SPIDER for electron wavepackets – published in Science Advances

In our new work published in Science Advances [1], our team presents a new approach to measure the full quantum wavefunction of a free electron wavepacket. The project was lead by Dr. Zhaopin Chen and we worked in collaboration with Dr. Yiming Pan, who is now a faculty member at ShanghaiTech University, and Bin Zhang from Tel Aviv University. We were motivated by the fact that a free-space single electron wavepacket perfectly unites in itself the wave-particle duality of quantum mechanics. It leads to a description of wavefunctions for elementary particles such as electrons, bringing tremendous success to quantum mechanics. However, the measurement-induced collapse of the wave function has long been a challenge for the measurement of free electron quantum wave functions.

Moreover, in the realm of ultrafast phenomena, femtosecond (10-15 s) and attosecond (10-18 s) electron pulses serve as cutting-edge tools that enable the observation of ultrafast coherent quantum dynamics of electrons and holes in molecules and solid materials. These ultrashort electron pulses offer simultaneous ultra-high spatial resolution (in Angstroms) and ultra-high temporal resolution (in femtoseconds and attoseconds). However, due to their extremely short temporal duration, existing equipment faces difficulties in achieving such rapid responses for accurate measurements. In this context, by performing Fourier transforms on the spectral amplitude and phase of electrons, the complete quantum wave function in the time domain can be revealed. While high-resolution electron spectrometer can measure spectral amplitudes, acquiring electron spectral phase in free space remains challenging.

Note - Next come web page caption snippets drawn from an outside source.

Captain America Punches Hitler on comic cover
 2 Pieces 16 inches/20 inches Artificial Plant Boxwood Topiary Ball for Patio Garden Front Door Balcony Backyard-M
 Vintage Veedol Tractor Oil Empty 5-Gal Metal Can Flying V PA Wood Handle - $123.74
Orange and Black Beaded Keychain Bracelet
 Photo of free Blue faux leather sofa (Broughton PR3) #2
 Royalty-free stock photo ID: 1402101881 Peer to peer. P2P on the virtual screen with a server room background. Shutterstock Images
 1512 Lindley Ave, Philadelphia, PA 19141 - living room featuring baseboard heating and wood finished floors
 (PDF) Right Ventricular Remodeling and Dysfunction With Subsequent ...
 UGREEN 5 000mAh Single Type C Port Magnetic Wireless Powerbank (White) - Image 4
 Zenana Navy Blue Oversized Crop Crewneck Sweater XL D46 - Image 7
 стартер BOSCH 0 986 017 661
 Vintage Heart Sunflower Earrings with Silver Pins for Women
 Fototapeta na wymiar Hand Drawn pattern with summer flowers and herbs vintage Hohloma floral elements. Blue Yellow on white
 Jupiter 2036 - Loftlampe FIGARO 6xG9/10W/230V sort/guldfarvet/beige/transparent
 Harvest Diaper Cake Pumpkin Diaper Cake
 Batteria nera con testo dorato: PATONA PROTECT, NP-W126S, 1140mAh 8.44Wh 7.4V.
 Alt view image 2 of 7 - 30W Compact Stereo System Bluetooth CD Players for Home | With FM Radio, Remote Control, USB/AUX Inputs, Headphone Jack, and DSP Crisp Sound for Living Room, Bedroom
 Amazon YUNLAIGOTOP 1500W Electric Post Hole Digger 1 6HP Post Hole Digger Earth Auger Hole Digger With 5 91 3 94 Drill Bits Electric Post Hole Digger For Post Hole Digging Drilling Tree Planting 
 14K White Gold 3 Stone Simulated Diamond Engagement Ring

In our paper, we propose the Free Electron Spectral Shearing Interferometry (FESSI) approach for reconstructing the quantum wave function of ultrashort free electrons. We were inspired by SPIDER which is a powerful approach to measure the electric field of ultrashort light pulses [2]. The FESSI setup involves the use of a Wien filter [3] to generate two time-delayed replicas of electron wave packet. Then, by applying an energy shift to one of the paths using a mid-infrared laser-driven light-electron modulator [4], spectral interference forms in the electron spectrometer. By analyzing the resulting spectral fringes, the overall distribution of the electron spectral phase can be deduced. Together with the spectral amplitude, this information enables the reconstruction of the complete temporal wave function of the free electrons with high fidelity.

FESSI proposed in our paper is experimentally feasible and its realization for the reconstruction of quantum wave functions in ultrashort free electrons holds great promise across various scientific fields. It can be employed for characterizing femtosecond and attosecond electron pulses in the photoelectron guns, ultrafast transmission and scanning electron microscopy, and strong-field physics. Furthermore, free electron wavefunction reconstruction can test the foundations of quantum mechanics, which may shed light on many fundamental issues, such as the wavefunction collapse and the measurement problem.

References

1. Z. Chen, B. Zhang, Y. Pan and M. Krüger, Quantum wave function reconstruction by free-electron spectral shearing interferometry, Science Advances 9, eadg8516 (2023).
2. C. Iaconis and I. A. Walmsley, Opt. Lett. 23, 792 (1998).
3. M. Nicklaus and F. Hasselbach, Wien filter: A wave-packet-shifting device for restoring longitudinal coherence in charged-matter-wave interferometers. Phys. Rev. A 48, 152 (1993).
4. Y. Pan, B. Zhang and A. Gover, Anomalous Photon-Induced Near-Field Electron Microscopy, Phys. Rev. Lett. 122, 183204 (2019).